*** Opening DATASET ENTRIES ***

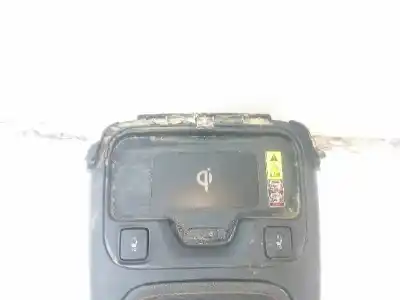 Pezzo di ricambio per auto di seconda mano bracciolo centrale per toyota corolla (e21) hybrid advance riferimenti oem iam 5881002061c0  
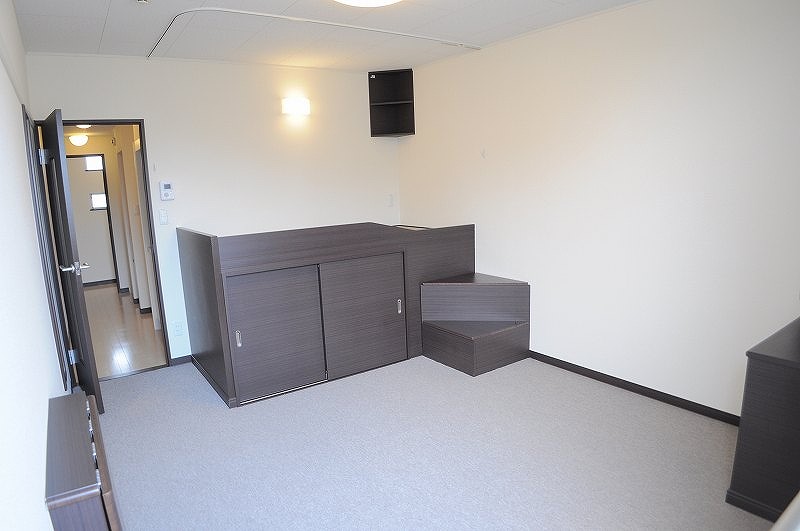 居室・リビング　1Fはフローリング・2Fはカーペット仕様となります。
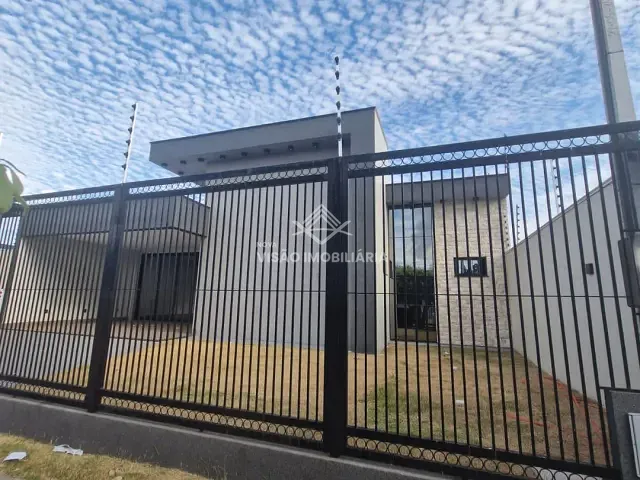 Casa 3 quartos e 4 banheiros, à venda, no bairro Jardim Primavera em Sinop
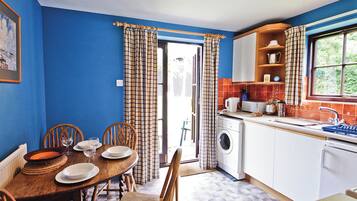 Lavavajillas y trona infantil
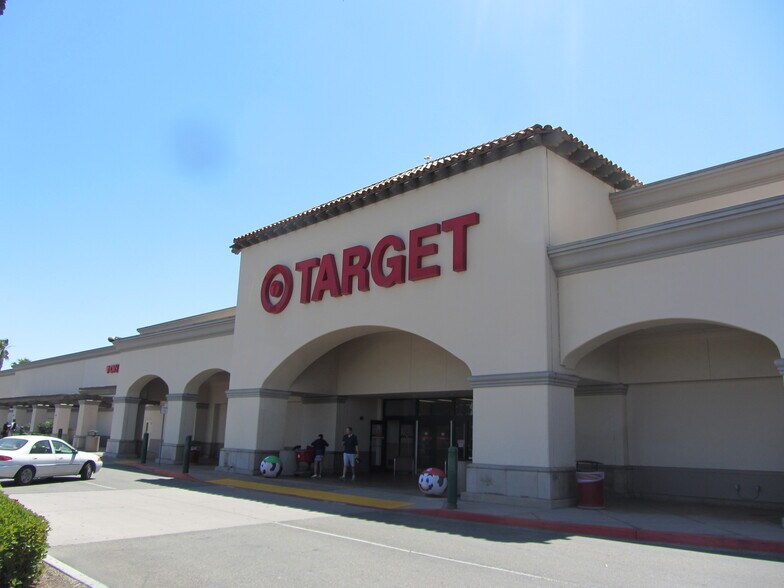 309-351 W Ventura Blvd, Camarillo, CA à louer - Photo principale – Image 1 sur 8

*** Closing DATASET ENTRIES ***

PROBLEM TO WORK ON -
Print the data again word for word, pictures excluded.

EXPECTED ANSWER -
 Pezzo di ricambio per auto di seconda mano bracciolo centrale per toyota corolla (e21) hybrid advance riferimenti oem iam 5881002061c0  
 居室・リビング　1Fはフローリング・2Fはカーペット仕様となります。
 Casa 3 quartos e 4 banheiros, à venda, no bairro Jardim Primavera em Sinop
 Lavavajillas y trona infantil
 309-351 W Ventura Blvd, Camarillo, CA à louer - Photo principale – Image 1 sur 8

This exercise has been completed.